I have an apache-beam based dataflow job to read using vcf source from a single text file (stored in google cloud storage), transform text lines into datastore Entities
and write them into the datastore sink. The workflow works fine but the cons I noticed is that:
--autoscalingAlgorithm=THROUGHPUT_BASED --numWorkers=10 --maxNumWorkers=100
but the execution seems to prefer one worker (see graph below: the target workers once increased to 2 but reduced to 1 "based on the ability to parallelize the work in the currently running step").I did not use ancestor path for the keys; all the entities are the same kind
.
The pipeline code looks like below:
def write_to_datastore(project, user_options, pipeline_options):
"""Creates a pipeline that writes entities to Cloud Datastore."""

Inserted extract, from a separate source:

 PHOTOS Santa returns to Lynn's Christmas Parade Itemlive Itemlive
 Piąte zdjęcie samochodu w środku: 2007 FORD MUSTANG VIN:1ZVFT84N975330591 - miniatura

with beam.Pipeline(options=pipeline_options) as p:
(p
| 'Read vcf files' >> vcfio.ReadFromVcf(user_options.input)
| 'Create my entity' >> beam.ParDo(
ToEntityFn(), user_options.kind)
| 'Write to datastore' >> WriteToDatastore(project))
Because I have millions of rows to write into the datastore, it would take too long to write with a speed of 30 entities/sec.
Question: The input is just one huge gzipped file. Do I need to split it into multiple small files to trigger multiple workers? Is there any other way I can make the importing faster? Do I miss something in the num_workers
setup? Thanks!
I looked into the design of vcfio. I suspect (if I understand correctly) that the reason I always get one worker when the input is a single file is due to the limit of the _VcfSource
and the VCF format constraint. This format has a header part that defines how to translate the non-header lines. This causes that each worker that reads the source file has to work on an entire file. When I split the single file into 5 separate files that share the same header, I successfully get up to 5 workers (but not any more probably due to the same reason).
One thing I don't understand is that the number of workers that read can be limited to 5 (in this case). But why we are limited to have only 5 workers to write? Anyway, I think I have found the alternative way to trigger multiple workers with beam Dataflow-Runner (use pre-split VCF files). There is also a related approach in gcp variant transforms project, in which the vcfio
has been significantly extended. It seems to support the multiple workers with a single input vcf file. I wish the changes in that project could be merged into the beam project too.